Monday, June 14, 2010

Why Johnny Can't Blog

I've been gone for over a year now. I think I can readily say that it's been the most difficult year of my life. I've been looking back at some of my posts from Colorado, and I'm surprised at how chipper they seem. Things had already gotten trying by this time last June, but I was excited about Korea, hopeful about how the summer might still play out, and curious about everything. Now I'm just tired. I've been needled frequently about posting more often, and I've truly meant to. There's a roster of things to talk about in my calendar, and 'blog' is on every to-do list I've made for months. I want to do it, want to keep a record and share all these observations I'm still making. But most of the time, I just don't have the heart to write.

This is what defeat feels like. Last week, as I ran dialogues with every kid I teach, was the final (or not...there always seems to be more shit, no matter how much you've waded through already) proof that what I'm doing here is futile, and my approach to it pitifully ineffectual. Very, very few of the kids understand anything I say. Even fewer care. Most of my co-teachers are desperately overworked and down to their last nerve, and I'm just one more mosquito in their ear. As I've known with quiet certainty for 11 years now, I'm not a classroom teacher. "If you're neither learning nor contributing, use your two feet and move on." But I can't yet. Not for 9 weeks. (10 if they screw with my vacation, which is always a distinct possibility in Korea)

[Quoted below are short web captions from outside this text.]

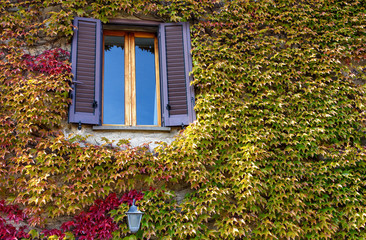 window with vine leaves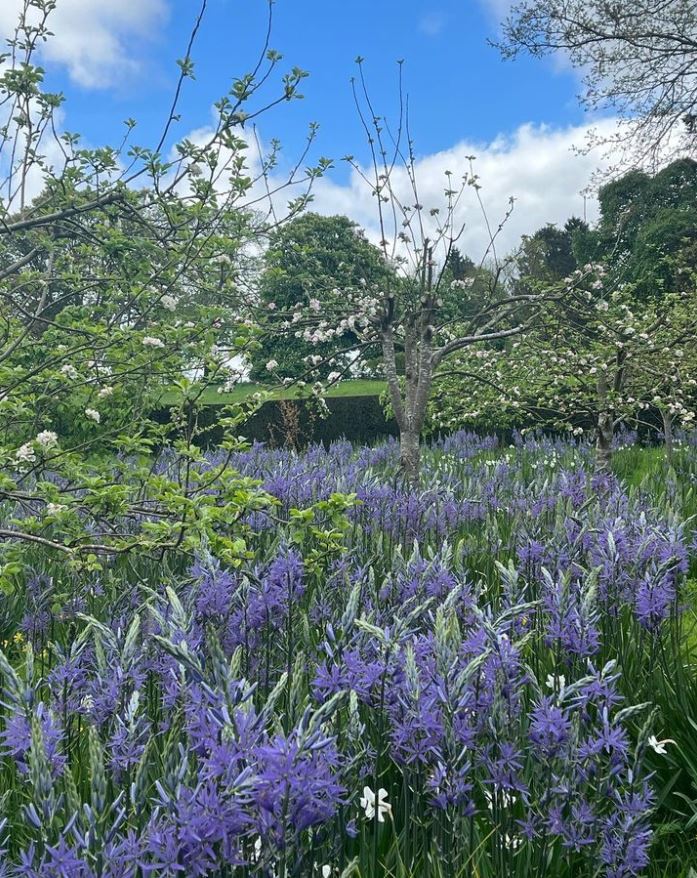 CotswoldsInfo's tweet photo. Camassia reaching their crescendo in the orchard at Kiftsgate Garden.
https://t.co/MPYGvyedHl
#Kiftsgate #gardenlovers #instagardenlovers #gardensofinstagram #englishgarden #gardening #gardeners #gardens #gardensofengland #gardenersofinstagram #instagarden #flowerphotography https://t.co/3FXMrkCMK7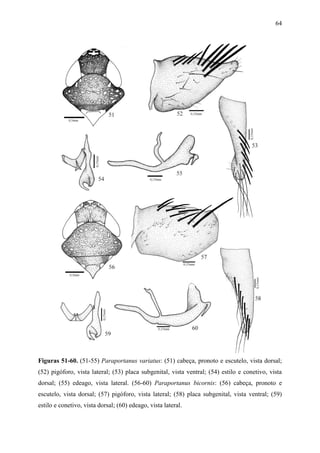 64




Figuras 51-60. (51-55) Paraportanus variatus: (51) cabeça, pronoto e escutelo, vista dorsal;
(52) pigóforo, vista lateral; (53) placa subgenital, vista ventral; (54) estilo e conetivo, vista
dorsal; (55) edeago, vista lateral. (56-60) Paraportanus bicornis: (56) cabeça, pronoto e
escutelo, vista dorsal; (57) pigóforo, vista lateral; (58) placa subgenital, vista ventral; (59)
estilo e conetivo, vista dorsal; (60) edeago, vista lateral.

So there's nothing else for it but to show up every day and make a game attempt, although I'm losing my spirit for that, too. Some days are not so bad, some are. Most classes consist of 2-3 kids who are listening and reacting, 4 or 5 who are mocking and cutting up, 6 or 7 who are sleeping, and 15 or so who are chatting with their friends. It's not rewarding work.

Funny thing is, I still want to work with kids. Just not in a classroom. This is really not my scene. And not in a place where everything happens TO me. I'm looking forward to being an agent in my own life again.

So in the swirl of weariness, frustration, humiliation, and resentment, I don't have many words. I'd envisioned writing letters and postcards, talking about more than 'What I Did Last Weekend', keeping a second blog that would be worthy of touting to schools, answering emails that I get... I'd envisioned feeling really enthusiastic & alive, adventurous and fulfilled. Gifts don't always come in the box we expected. One of my mantras during the last year has been, "Even if you hate it, it'll be one of the most important experiences of your life." And I don't HATE it. Not usually. But it has been a critically important experience, and I'm not at all sorry I've done any of it. I wish I was a better teacher, I wish it was over just a little bit sooner, but none of that is going to burn forever. I've taken the measure of myself, and it's not as flattering as I would have fancied. I feel that I'm at the crest of a mountain, and something new and pretty amazing is about to open up in front of me. If I can just hold myself together until it does...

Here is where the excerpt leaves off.